Monthly Archives: August 2016

Latest discoveries about deindexations and Search Engine crawling

searchbotEvery time a blog gets deindexed on EBN, we save all the information we have about it so we can analyze it later. We then do batch analysis to see if there are any patterns or footprints that we can report to the community.

In the last few weeks, we found a few interesting things. We’re still discussing on how to implement these into Blog Health to improve deindexation prevention but they’re useful insights nonetheless.

Here’s what we found.

Search Engine Crawler is visiting old URLs all the time

If you buy an expired domain with history, old URLs get crawled often and for long periods of time. This can go on for months, even if the URLs report 404 error.

Unrelated content and/or language can cause deindexation

We found that rebuilding old domains and using unrelated content and/or different language can cause deindexation.

Comments increase Search Engine Crawler visits

Comment feed is checked daily. If there are no comments, the blog is crawled less often.

Blocking crawlers can cause deindexation

We did not find any issues with users of Spider Blocker, however a lot of users add more than one plugin and block additional crawlers. Do NOT do this. Use one blocker and block as little crawlers as possible.

Some domains are permanently penalized

Some penalized domains never get any crawler traffic and will therefore never get indexed. Unfortunately we don’t yet have the data on how long this penalty can persist or what is the root cause of it (email spam, malware, phishing etc.).

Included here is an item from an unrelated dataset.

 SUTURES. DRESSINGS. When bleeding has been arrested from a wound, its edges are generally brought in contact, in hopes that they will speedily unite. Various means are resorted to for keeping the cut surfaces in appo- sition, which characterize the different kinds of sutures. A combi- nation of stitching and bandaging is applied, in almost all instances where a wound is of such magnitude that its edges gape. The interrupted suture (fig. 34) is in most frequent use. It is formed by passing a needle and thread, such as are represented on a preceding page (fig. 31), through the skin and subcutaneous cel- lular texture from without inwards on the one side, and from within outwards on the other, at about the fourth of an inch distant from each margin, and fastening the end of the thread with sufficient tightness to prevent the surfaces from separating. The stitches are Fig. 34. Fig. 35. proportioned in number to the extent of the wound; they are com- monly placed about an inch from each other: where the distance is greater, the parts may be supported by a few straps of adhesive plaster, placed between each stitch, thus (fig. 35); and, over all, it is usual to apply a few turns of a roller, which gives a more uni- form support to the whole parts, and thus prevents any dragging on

Search Engine Crawler still visits the blog after deindexation (!)

When a domain gets removed from the SERP (deindexed), the old URLs still get crawled regularly and that stops only after 5-7 days. This could mean there are still options to save your blog after it gets deindexed by rebuilding URLs with relevant content.

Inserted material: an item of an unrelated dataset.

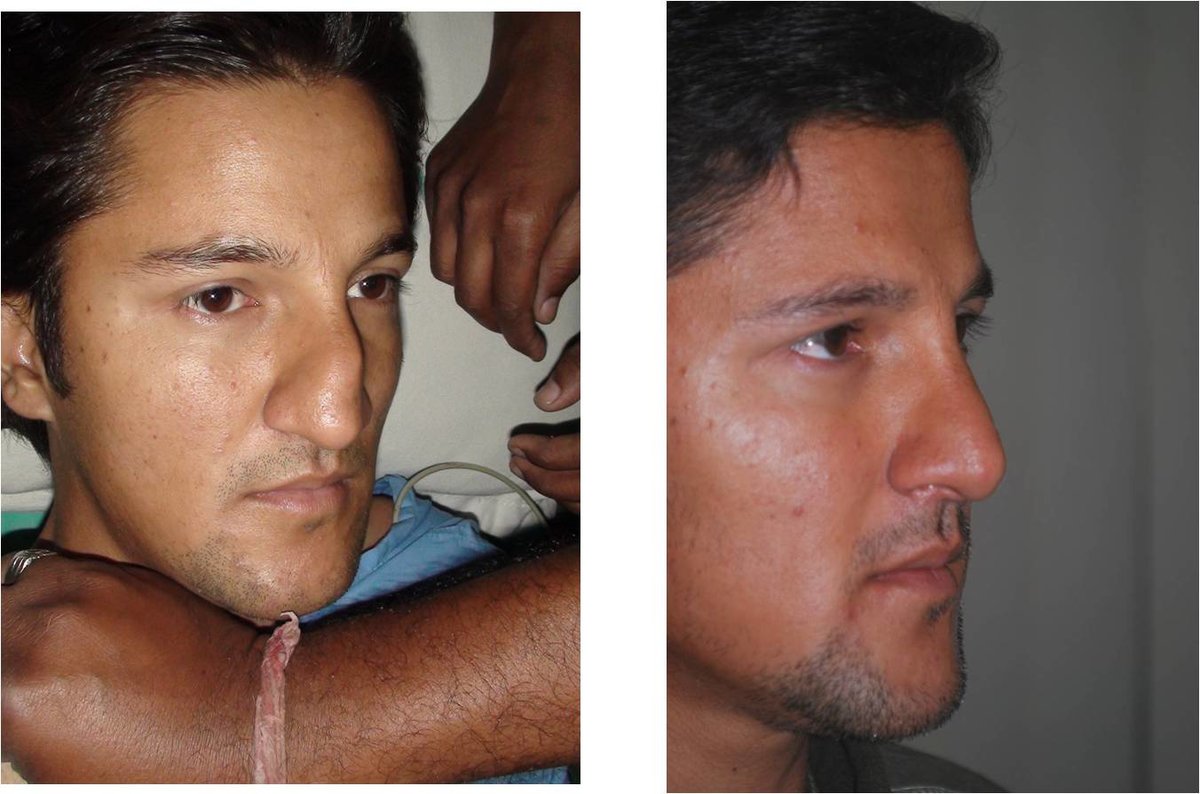 The Nose Clinic - The Nose Clinic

Since we’re using passive indexation check, this is the reason why our indexation status can be late for 7-14 days (while Blog Health is checked daily).

Summary

Here’s a quick recap:

  • Rebuild URLs with relevant content that would fit on the old domain. Use the same language.
  • Check domains in spam and malware databases before buying them.
  • Use only one spider blocker, we recommend our free Spider Blocker plugin and block only the most important crawlers.

While none of this is a complete surprise, it’s just something that we can now confirm with data, not just speculation.

In the future, we’re going to start collecting even more information about domains – from social metrics to backlinks and blacklist databases. Once we have that, our analysis and deindexation prevention will greatly improve.